Back to Ocrmypdf

v3

docs/releasenotes/version03.md

17.4.26.6 KB
Original Source

% SPDX-FileCopyrightText: 2022 James R. Barlow % SPDX-License-Identifier: CC-BY-SA-4.0

v3

v3.2.1

Changes

  • Fixed {issue}47 "convert() got and unexpected keyword argument 'dpi'" by upgrading to img2pdf 0.2
  • Tweaked the Dockerfiles

v3.2

New features

  • Lossless reconstruction: when possible, OCRmyPDF will inject text layers without otherwise manipulating the content and layout of a PDF page. For example, a PDF containing a mix of vector and raster content would see the vector content preserved. Images may still be transcoded during PDF/A conversion. (--deskew and --clean-final disable this mode, necessarily.)
  • New argument --tesseract-pagesegmode allows you to pass page segmentation arguments to Tesseract OCR. This helps for two column text and other situations that confuse Tesseract.
  • Added a new "polyglot" version of the Docker image, that generates Tesseract with all languages packs installed, for the polyglots among us. It is much larger.

Changes

  • JPEG transcoding quality is now 95 instead of the default 75. Bigger file sizes for less degradation.

v3.1.1

Changes

  • Fixed bug that caused incorrect page size and DPI calculations on documents with mixed page sizes

v3.1

Changes

  • Default output format is now PDF/A-2b instead of PDF/A-1b
  • Python 3.5 and macOS El Capitan are now supported platforms - no changes were needed to implement support
  • Improved some error messages related to missing input files
  • Fixed {issue}20: uppercase .PDF extension not accepted
  • Fixed an issue where OCRmyPDF failed to text that certain pages contained previously OCR'ed text, such as OCR text produced by Tesseract 3.04
  • Inserts /Creator tag into PDFs so that errors can be traced back to this project
  • Added new option --pdf-renderer=auto, to let OCRmyPDF pick the best PDF renderer. Currently it always chooses the 'hocrtransform' renderer but that behavior may change.
  • Set up Travis CI automatic integration testing

v3.0

New features

  • Easier installation with a Docker container or Python's pip package manager
  • Eliminated many external dependencies, so it's easier to setup
  • Now installs ocrmypdf to /usr/local/bin or equivalent for system-wide access and easier typing
  • Improved command line syntax and usage help (--help)
  • Tesseract 3.03+ PDF page rendering can be used instead for better positioning of recognized text (--pdf-renderer tesseract)
  • PDF metadata (title, author, keywords) are now transferred to the output PDF
  • PDF metadata can also be set from the command line (--title, etc.)
  • Automatic repairs malformed input PDFs if possible
  • Added test cases to confirm everything is working
  • Added option to skip extremely large pages that take too long to OCR and are often not OCRable (e.g. large scanned maps or diagrams); other pages are still processed (--skip-big)
  • Added option to kill Tesseract OCR process if it seems to be taking too long on a page, while still processing other pages (--tesseract-timeout)
  • Less common colorspaces (CMYK, palette) are now supported by conversion to RGB
  • Multiple images on the same PDF page are now supported

Changes

  • New, robust rewrite in Python 3.4+ with ruffus pipelines

  • Now uses Ghostscript 9.14's improved color conversion model to preserve PDF colors

  • OCR text is now rendered in the PDF as invisible text. Previous versions of OCRmyPDF incorrectly rendered visible text with an image on top.
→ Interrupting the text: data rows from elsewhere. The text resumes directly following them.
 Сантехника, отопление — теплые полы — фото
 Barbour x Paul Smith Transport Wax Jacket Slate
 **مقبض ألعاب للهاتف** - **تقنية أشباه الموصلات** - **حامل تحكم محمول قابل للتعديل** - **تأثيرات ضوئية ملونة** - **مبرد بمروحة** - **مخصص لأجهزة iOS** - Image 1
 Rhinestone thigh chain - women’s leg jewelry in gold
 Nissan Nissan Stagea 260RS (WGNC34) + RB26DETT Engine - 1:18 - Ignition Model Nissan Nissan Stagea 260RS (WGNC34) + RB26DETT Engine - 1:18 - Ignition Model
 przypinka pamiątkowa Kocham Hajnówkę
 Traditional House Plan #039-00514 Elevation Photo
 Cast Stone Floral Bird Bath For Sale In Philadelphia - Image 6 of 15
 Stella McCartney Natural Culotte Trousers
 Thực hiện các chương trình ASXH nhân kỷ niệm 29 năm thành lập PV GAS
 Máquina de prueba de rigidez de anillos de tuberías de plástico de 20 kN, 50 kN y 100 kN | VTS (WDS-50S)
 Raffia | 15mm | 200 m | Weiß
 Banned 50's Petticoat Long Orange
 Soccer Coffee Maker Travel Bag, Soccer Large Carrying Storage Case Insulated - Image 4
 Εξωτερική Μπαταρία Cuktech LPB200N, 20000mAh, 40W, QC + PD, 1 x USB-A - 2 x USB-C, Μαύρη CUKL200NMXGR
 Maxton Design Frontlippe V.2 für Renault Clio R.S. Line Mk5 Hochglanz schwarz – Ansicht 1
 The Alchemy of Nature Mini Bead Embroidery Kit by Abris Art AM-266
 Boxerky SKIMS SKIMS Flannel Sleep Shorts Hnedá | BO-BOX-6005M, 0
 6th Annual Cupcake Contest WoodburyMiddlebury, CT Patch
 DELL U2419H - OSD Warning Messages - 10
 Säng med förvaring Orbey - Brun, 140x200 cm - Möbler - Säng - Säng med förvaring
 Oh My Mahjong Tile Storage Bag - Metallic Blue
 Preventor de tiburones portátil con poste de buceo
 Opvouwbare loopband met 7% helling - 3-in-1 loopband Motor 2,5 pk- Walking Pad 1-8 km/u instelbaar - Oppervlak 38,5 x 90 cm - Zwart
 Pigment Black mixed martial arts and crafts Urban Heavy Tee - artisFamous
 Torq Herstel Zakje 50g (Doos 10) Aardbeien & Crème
  • All "tasks" in the pipeline can be executed in parallel on any available CPUs, increasing performance

  • The -o DPI argument has been phased out, in favor of --oversample DPI, in case we need -o OUTPUTFILE in the future

  • Removed several dependencies, so it's easier to install. We no longer use:

  • Some new external dependencies are required or optional, compared to v2.x:

    • Ghostscript 9.14+
    • qpdf 5.0.0+
    • Unpaper 6.1 (optional)
    • some automatically managed Python packages

Release candidates^

  • rc9:

    • Fix {issue}118: report error if ghostscript iccprofiles are missing
    • fixed another issue related to {issue}111: PDF rasterized to palette file
    • add support image files with a palette
    • don't try to validate PDF file after an exception occurs
  • rc8:

    • Fix {issue}111: exception thrown if PDF is missing DocumentInfo dictionary
  • rc7:

    • fix error when installing direct from pip, "no such file 'requirements.txt'"
  • rc6:

    • dropped libxml2 (Python lxml) since Python 3's internal XML parser is sufficient
    • set up Docker container
    • fix Unicode errors if recognized text contains Unicode characters and system locale is not UTF-8
  • rc5:

    • dropped Java and JHOVE in favour of qpdf
    • improved command line error output
    • additional tests and bug fixes
    • tested on Ubuntu 14.04 LTS
  • rc4:

    • dropped MuPDF in favour of qpdf
    • fixed some installer issues and errors in installation instructions
    • improve performance: run Ghostscript with multithreaded rendering
    • improve performance: use multiple cores by default
    • bug fix: checking for wrong exception on process timeout
  • rc3: skipping version number intentionally to avoid confusion with Tesseract

  • rc2: first release for public testing to test-PyPI, Github

  • rc1: testing release process

Compatibility notes

  • ./OCRmyPDF.sh script is still available for now
  • Stacking the verbosity option like -vvv is no longer supported
  • The configuration file config.sh has been removed. Instead, you can feed a file to the arguments for common settings:
ocrmypdf input.pdf output.pdf @settings.txt

where settings.txt contains one argument per line, for example:

-l
deu
--author
A. Merkel
--pdf-renderer
tesseract

Fixes

  • Handling of filenames containing spaces: fixed

Notes and known issues

  • Some dependencies may work with lower versions than tested, so try overriding dependencies if they are "in the way" to see if they work.
  • --pdf-renderer tesseract will output files with an incorrect page size in Tesseract 3.03, due to a bug in Tesseract.
  • PDF files containing "inline images" are not supported and won't be for the 3.0 release. Scanned images almost never contain inline images.